沖田君は何度か私と斬り合ったことがあるからわかるでしょうが、私がそこに連れて来られてまず最初にやらされたのは、ごくありきたりな鍛練です。

刀を持って振るう、簡単な。

私は女の身でありながら、父から鍛えられていました。それはもうご存知ですよね。

そこで教え込まれたのは、父のそれとは違い、確実に人を殺す斬り方でした。私は何も考えず、毎日それを会得しようとしました。


父を助けるつもりで、一心に。


私に与えられたものは、小さな汚い部屋と、毎日そうやって刀を振るうこと、それから掃除です。

そこには天人が作った麻薬に犯されいかれた人間が幾人かいました。彼らの世話は誰もしたがらず、私はそれを押しつけられました。

それ自体は何も苦痛ではありませんでした。父が生きていると信じていたから。

それよりも苦痛だったのは、時折黒服の男に下品な服を着せられ、色里に連れられることです。散々品定めされ、大抵は私の手の剣だこに気付いて買い手は現れませんでした。

そのとき私を慰めてくれたのは遊女だったんですから、可笑しな話でしょう?彼女たちは、物騒な男につれ回された少年のような少女を、遊女にされないように手回しをしてくれたようでした。

そのときくらいから、私は彼女たちを慕っていたんですね。

もし私がもう少し利口なら、黒服の男を問い詰めることぐらいしたでしょう。しかし私はまだ何もわかっていなかった。局長の賢さも、土方君の頭脳も持ち合わせていなかった。


本当に、子供だったんです。


……それで済むわけがないことを、私はまだ認めたくないんでしょうね。私は助けて欲しかった。
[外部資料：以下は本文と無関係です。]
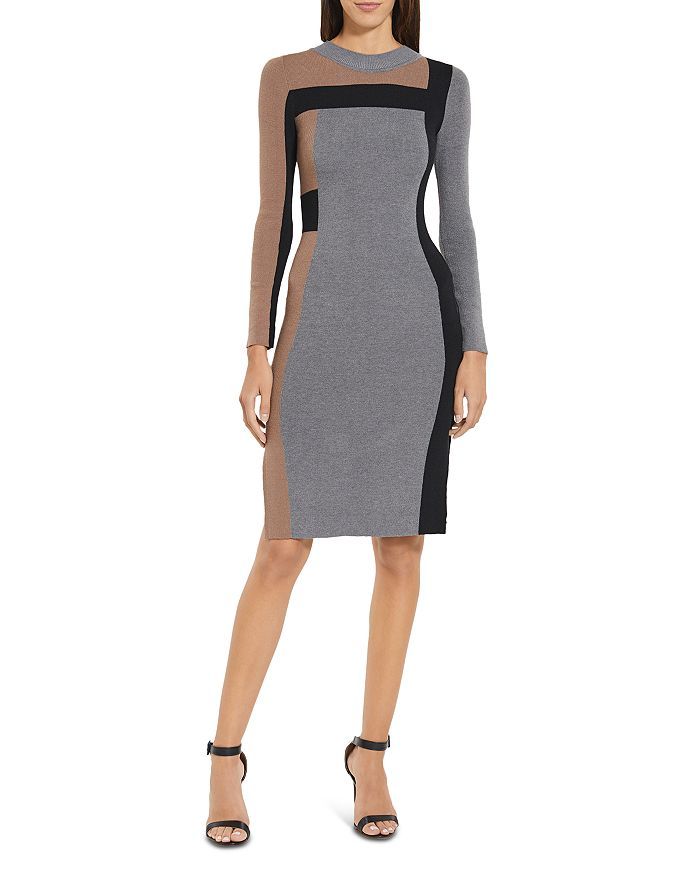 Color Blocked Mockneck Sweater Dress | Bloomingdale's (US)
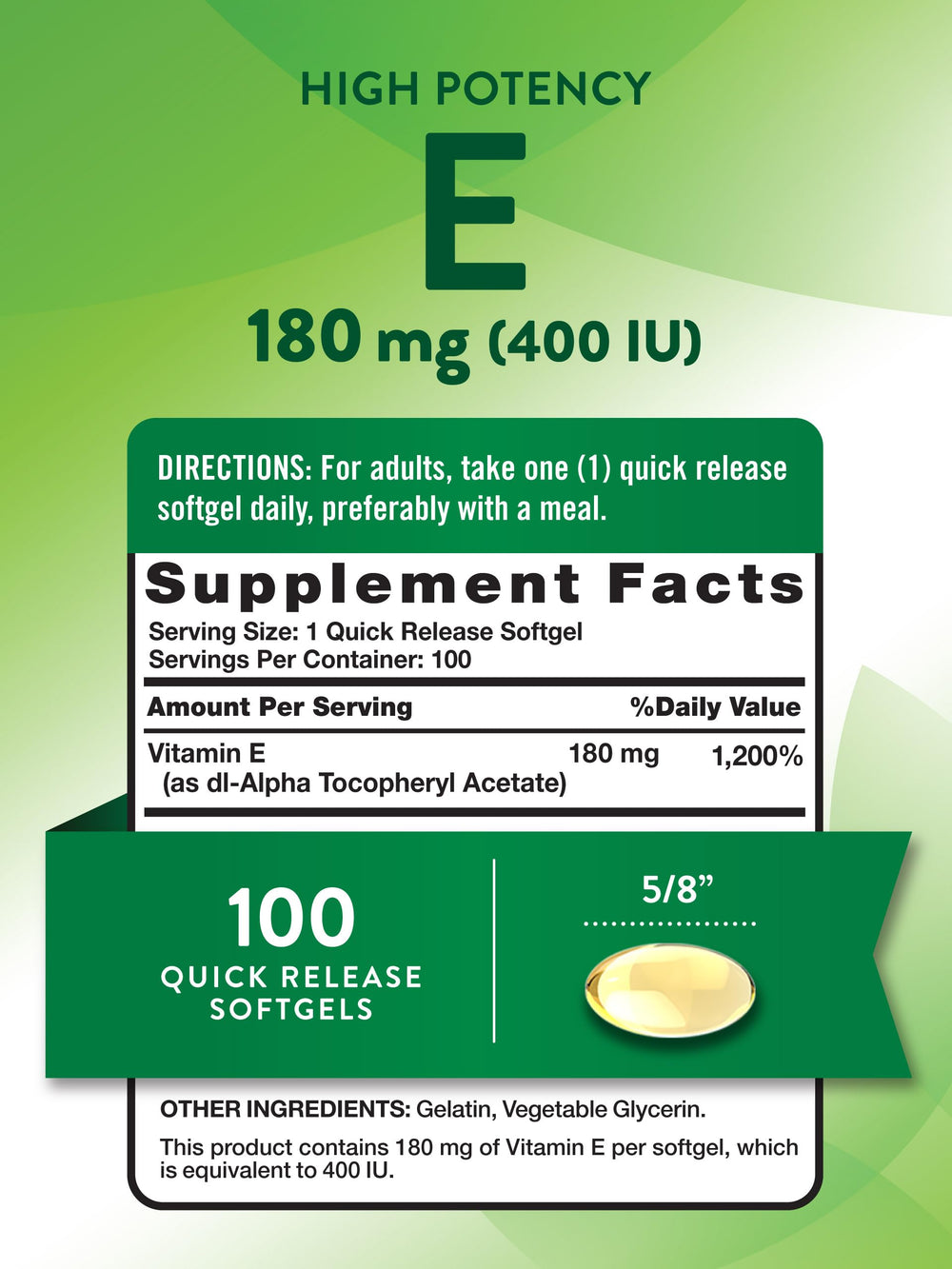 Close-up of Nature's Truth Vitamin E softgels highlighting smooth, easy-to-swallow capsules
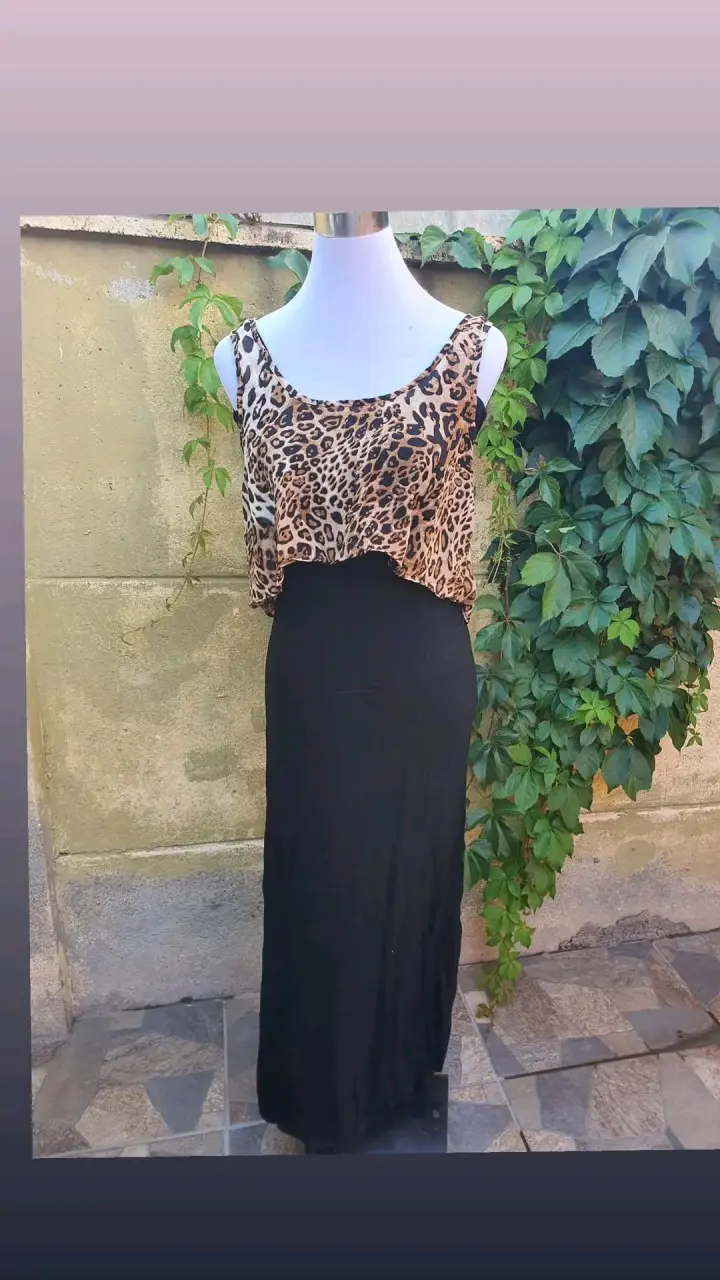 Vestido largo estampado leopardo - 2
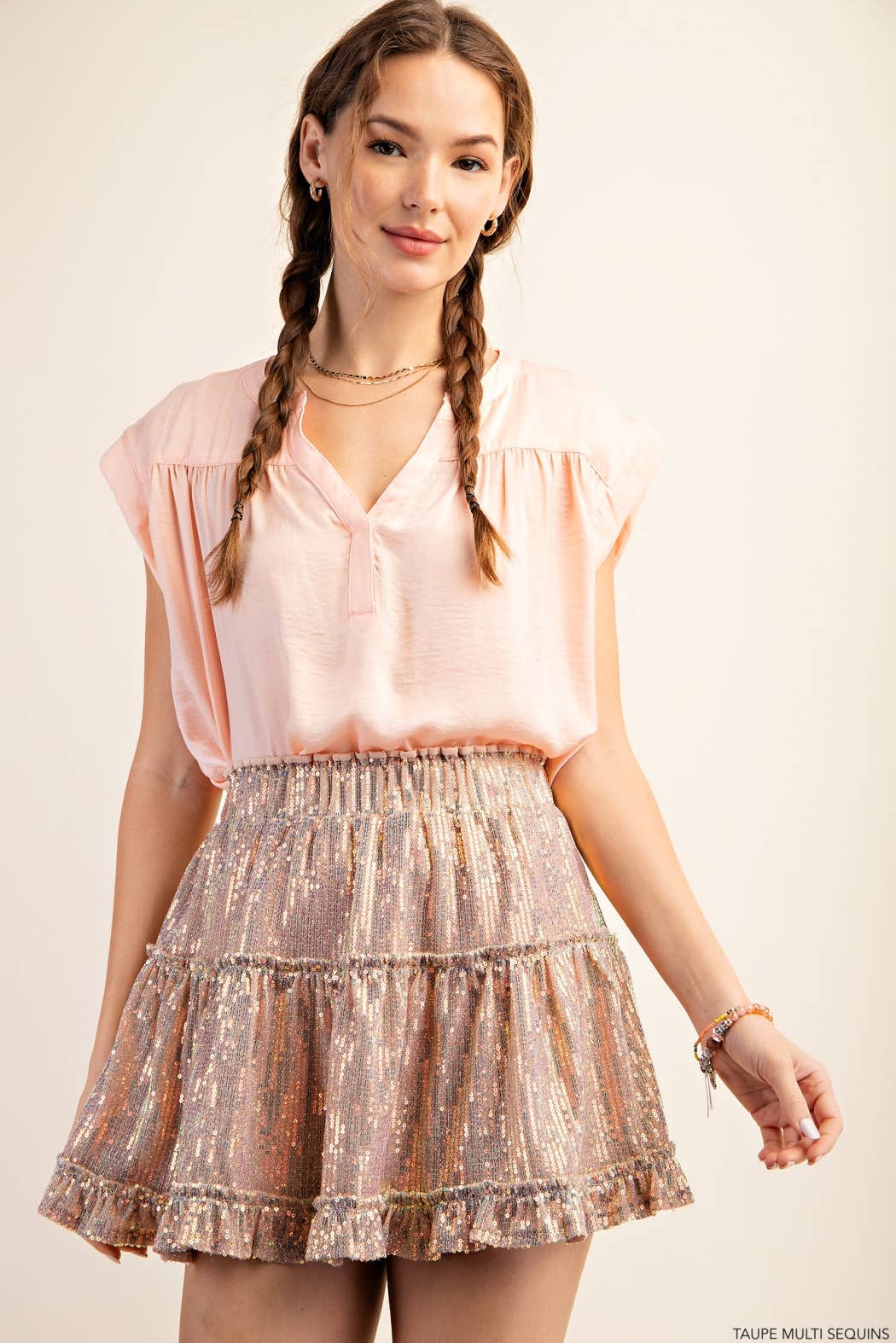 SEQUIN/RUFFLE MINI SKIRT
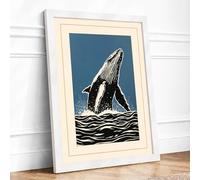Breaching Whale Coastal Framed Wall Art Print A3 (42×29.7cm) White, Wall Decor for Living Room, Bedroom, Office & Home, Ready to Hang, Art Gift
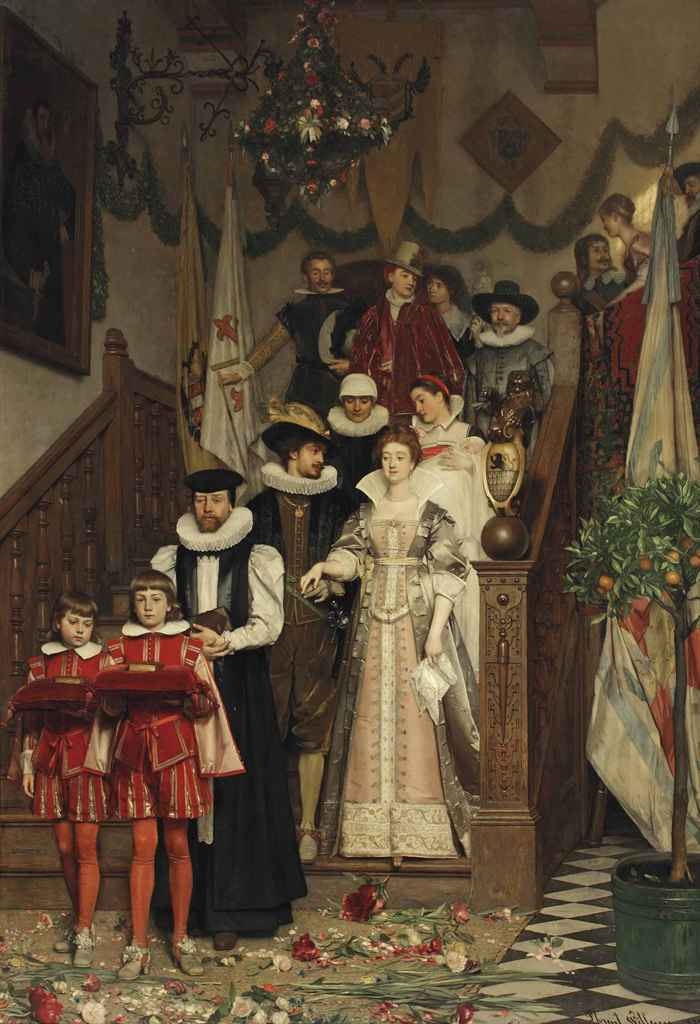 Artwork by Florent Willems, Le départ pour le baptême, Made of oil on panel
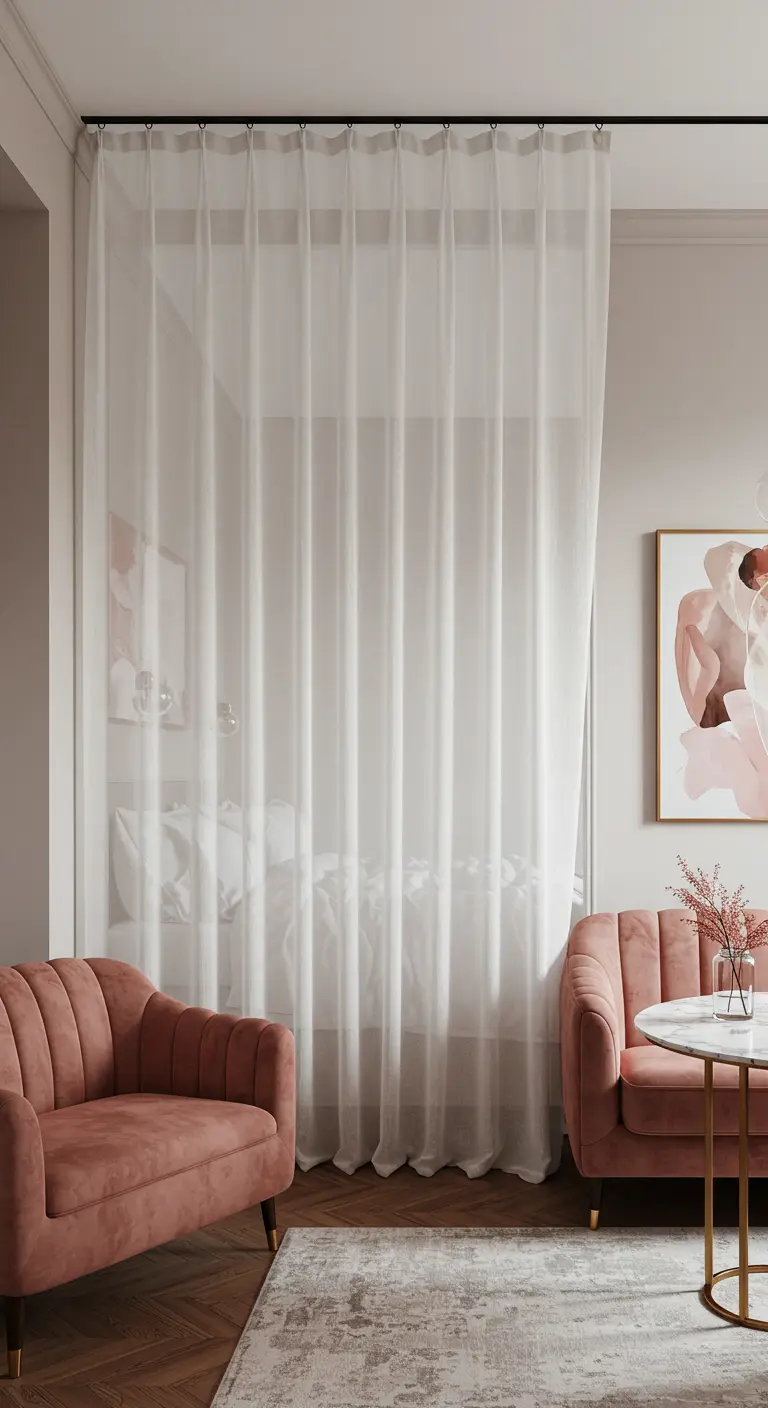 Sheer white curtains on a ceiling track enclose a bed, separating it from the living area.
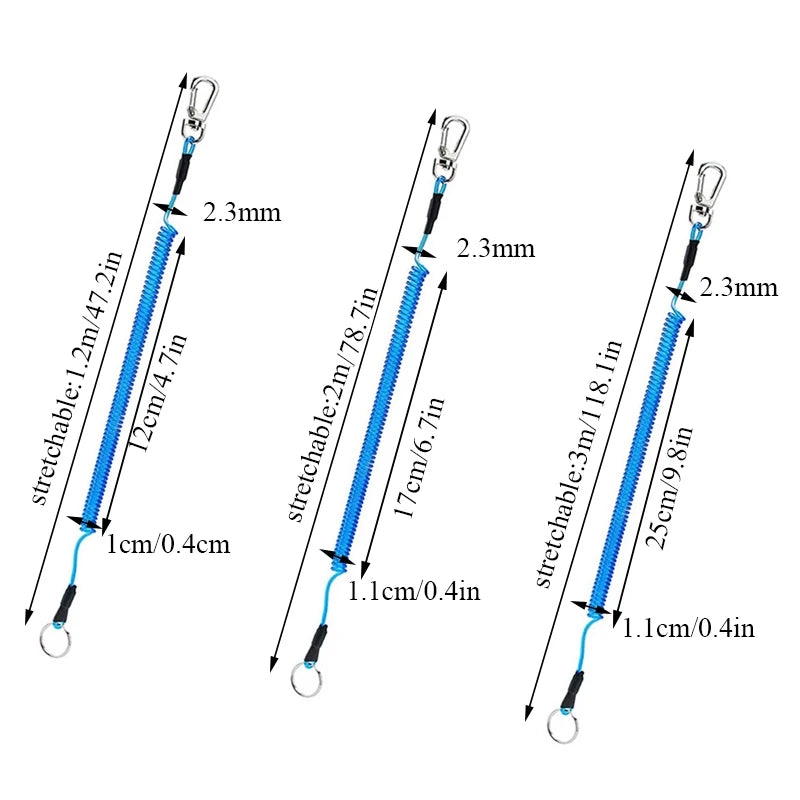 1.2m/2m/3m Max Stretch Plastic Spring Elastic Rope Fishing Lanyards With Carabiner Boating Ropes Anti-lost Phone Keychain Lock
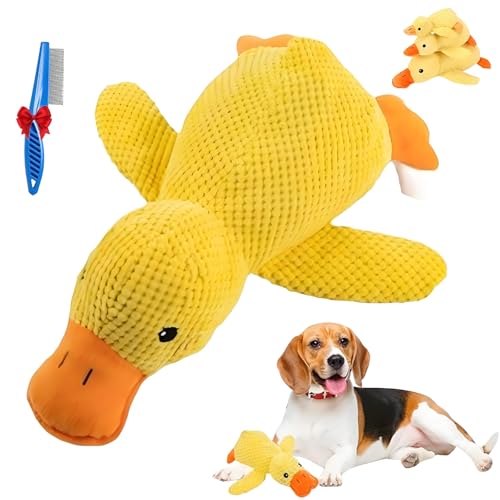 NNBWLMAEE Calming Durable Duck, Squeaky Interactive Duck Dog Toy, Stress Relief Soft Stuffed Plush Stuffed Chew Doll, Bright Yellow Ducks Toys for Indoor Puppy Small Dogs (Yellow,Small) von NNBWLMAEE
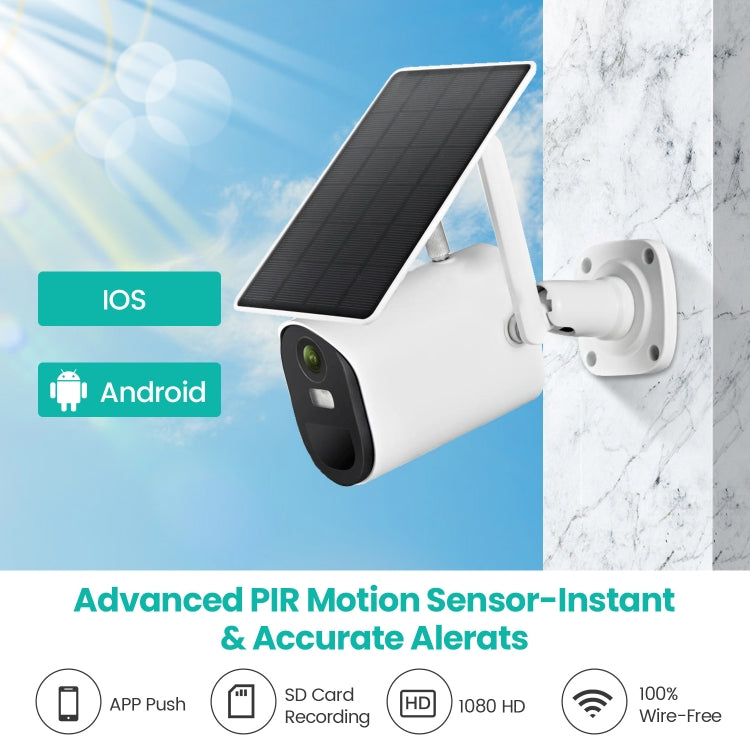 T20 1080P Full HD Solar Powered WiFi Camera, Support Motion Detection, Night Vision, Two Way Audio, TF Card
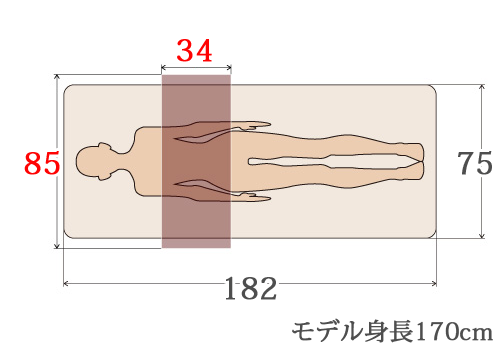 フェイスタオル（34x85cm）のサイズ感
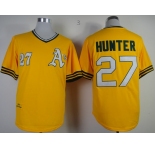 mlb jerseys oakland athletics #27 hunter yellow m&n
自分の無益なこの行為が、なんの役にたつのか、時折忘れていました。

自分がなぜ、あの組織にいるのか、わからなくなったりもしました。

何度も君たちに会う夢を見たのを覚えています。君たちは、私を見ると怯えたように後退りしていました。

夢の中で一回は土方君と斬り合ったことがあったように思います。私は土方君を斬り殺しました。

ミツバが、局長が泣いていました。それから、君が黙って私を睨み付けて、その度に目を覚ました。なかなかの悪夢でしたよ。

私は何も、何も理解しないまま、十五になりました。そのときになってようやくその男に尋ねました。父上はもう治られたかと。

彼の返答は、情け容赦のないものでした。


嬢ちゃん、お前まだ信じてたんかい?

父ちゃんはあのとき殺したよ。俺たちが欲しかったのはお前の父ちゃんの血だ。誰よりも人殺しが得意だった父ちゃんのな。これからはあいつに変わってお前がそれをやるんだ。